California was the first state to issue stay-at-home orders back in mid-March. It also took steps to increase testing and tracing capacity and had strong public messaging. However, economic concerns, public restlessness, and seemingly plateauing cases put more pressure on state officials to re-open. As restrictions eased in May, county and city officials gained more regulating power. The decentralized structure made it difficult to enforce measures consistently throughout the state, especially when officials clashed with each other. Sheriffs in four counties said they would not enforce the governor’s order to wear masks in public places. Many people were anxious to get back to normal and not as likely to follow recommendations like mask-wearing and social distancing. 

Cases and deaths spiked in the summer following months of holidays and parties. Some attributed the increase to Black Lives Matter protests, but the data did not support this. The suggestion was dismissed as many participants wore masks and the protests were largely outdoors. Additionally, major outbreaks occurred in nursing homes, prisons, and among migrant workers. Experts say the state re-opened too quickly and focused too heavily on regulating outdoor spaces like beaches and parks as opposed to restaurants and bars. The spike among migrant workers, particularly the Latinx population, supports this. Latinx people are 2.9 times more likely to test positive than whites. They make up a large portion of California’s essential workforce in foodservice and hospitality. Those in these industries are less likely to be able to work from home or stay home if they are sick. Currently, California has one of the highest case counts in the nation, with cases doubling about every 56 days. However, when adjusted for population, California’s rank is lower. The state accounts for 9% of the nation’s cases and 7% of deaths. And increased testing does account for some of the rise.      

Despite some people’s belief that the state is turning purple, Texas is still decisively conservative. The last time a Democratic presidential candidate won was 1976. This past election, Trump won the state by 6 points, the Republican incumbent kept his spot in the senate, and 60% of the house seats went to Republicans. While opposites politically, Texas and California share many struggles. Disagreements at the local level, between judges and mayors, over shutting down businesses and enforcing social distancing and mask-wearing played a large role in why Texas’s case count is the highest in the country and the first to surpass one million. Like California, premature opening of businesses and fatigue from staying at home led many to take liberties when policies relaxed. Additionally, Texas also has a large Latinx population who face similar challenges as those in California. 
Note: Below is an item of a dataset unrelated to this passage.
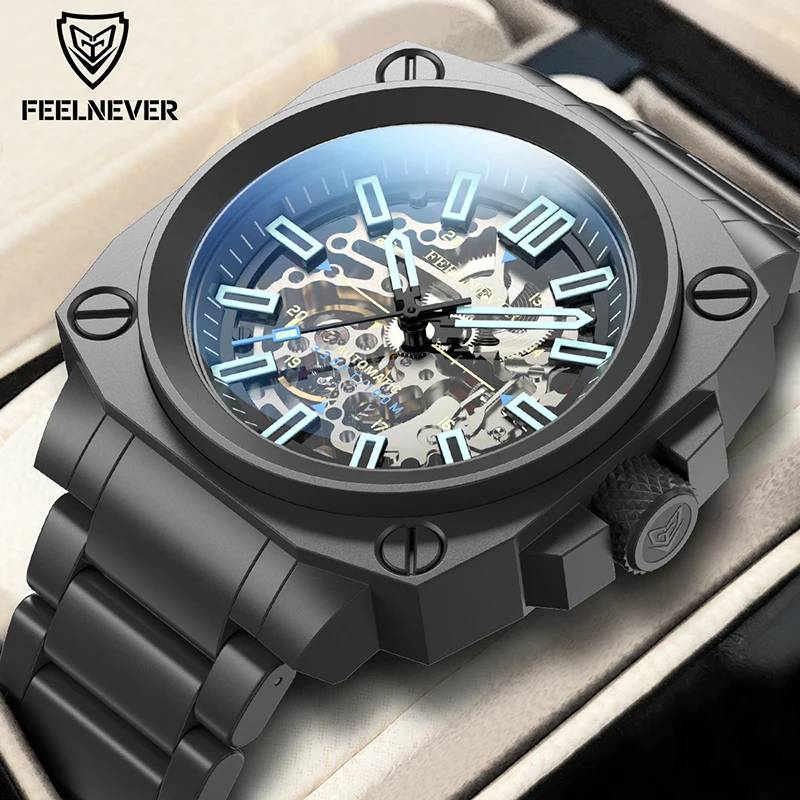 Feelnever Automatische Beweging Heren Horloge Mode Casual Sport Militair Roestvrij Staal Waterdicht Mechanisch Horloge Heren + Box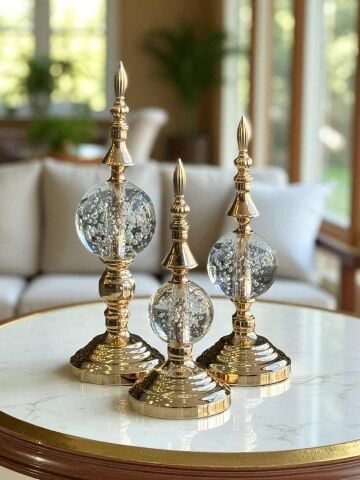 3'lü Dev Dekor Alem Kabarcık Gold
Although Vermont is often thought of as one of the most liberal states in the union, the high profile of its Democratic Socialist senator, Bernie Sanders, contributing to this, it actually has a mixed government. Republican, Phil Scott, has been the governor since 2016 and won the most recent election with 66% of the vote. This makes Vermont an interesting comparison to California and Texas when examining why the state has the lowest infection rate in the country. Some argue its small size and ruralness explain this but, officials in Vermont are quick to dismiss that, pointing to the state’s targeted use of resources for vulnerable populations as the foundation of its success. 

Dr. Mark Levine, the state health commissioner, says three things have helped. First, having a healthy population before the pandemic. People there place health high on their list of priorities, making them likely to follow orders like washing hands and wearing masks. The second contributor, shutting down the state quickly. But California did this also, so what made the difference? Vermont did not re-open until officials felt the virus was at a better level as opposed to bowing to public pressure about the economy or isolation fatigue. And when the state did ease restrictions, it did so gradually. 

The third and most unique point in Vermont’s plan focused efforts like testing and contact tracing on the most vulnerable populations, including those experiencing homelessness and those living in nursing homes. Vermont paid to move some people living in shelters into motels to avoid overcrowding. It also made meal deliveries, gave hazard pay for essential workers, offered free pop-up testing to vulnerable communities, and Governor Scott has even proposed a $1,000 stipend for those asked to self-isolate. Instead of focusing on curfews or stay-at-home orders, which apply to people that work, it looked at high-risk populations and created policies centered around them and their needs.  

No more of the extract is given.